When the military coup of December 31, 1983 terminated the administration of Shehu Shagari, many ongoing projects were immediately stalled. Doma dam was one of such projects as the regime of General Muhammadu Buhari/Tunde Idiagbon had no time to attend to it before the coup that brought in the regime of General Ibrahim Babangida on August 27, 1985, ousted it. Like that of Buhari, Babangida’s administration did not look the way of Doma. UTC was frustrated. The multi-national company then pulled out its engineers, sacked the local workforce – the labourers, which the local Doma people called liebera. The company also abandoned many of its equipment at the various sites where work was ongoing, when the coups took place. A visit to the dam confirmed this, as it brought our correspondent face to face with earth moving machines abandoned at the gateway to the project. There also lie tippers, cranes, graders, excavators, and all such heavy equipment. They have become worn out by the past three decades of sun, rain and disuse. But the equipment remind visitors to the dam of the good old era when the Nigerian governments had a vision, and worked to meet the people’s aspirations. The equipment have all been over grown by shrubs, with some overgrown by trees.

Like the equipment, the large pipes that litter the farmlands of Doma, kilometers away from the dam, are the physical aspects of the pipedream to take pressured water from the dam, and sprinkle on crops. The pipes are rusty from the three decades of exposure to rain and sun, with some of them half covered by the fertile soil of Doma. They lie in lengths, choked by shrubs and the roots of trees, that have grown over them in the last three decades. They have taken over the very farmlands that they would have been irrigating, if the noble project had not been abandoned mid way.

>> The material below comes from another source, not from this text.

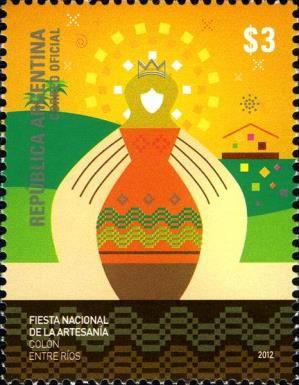 Festival of Crafts - Colon, Entre Rios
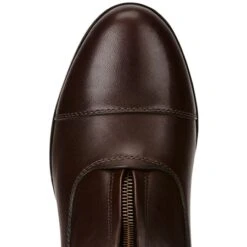 Ariat Ladies Heritage IV Zip Paddock Boot 8 Ariat Ladies Heritage IV Zip Paddock Boot -Equestrian Supplies Store 42220 2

The IBB administration, nevertheless, sprang a surprise, bringing another contractor, UTC to site for some rehabilitation. UTC provided the complete installation of the machinery needed at the engine house to pump water to farms: water pumps, panels and generators for power supply. Pipes were laid from the dam up to Rutu, some distance from Doma. In all, 20,000 hectares of land around Doma was projected for gravity irrigation. But the administration of IBB saw to the laying of only 1,500 pipes, covering 1,600 hectares,  to make up for a part of the Phase I.  UTC engineers test ran the irrigation system, using the gravity system that was installed. But the main pumps were not used. Only the auxiliary pumps were used, records at the headquarters of LBRBDA show.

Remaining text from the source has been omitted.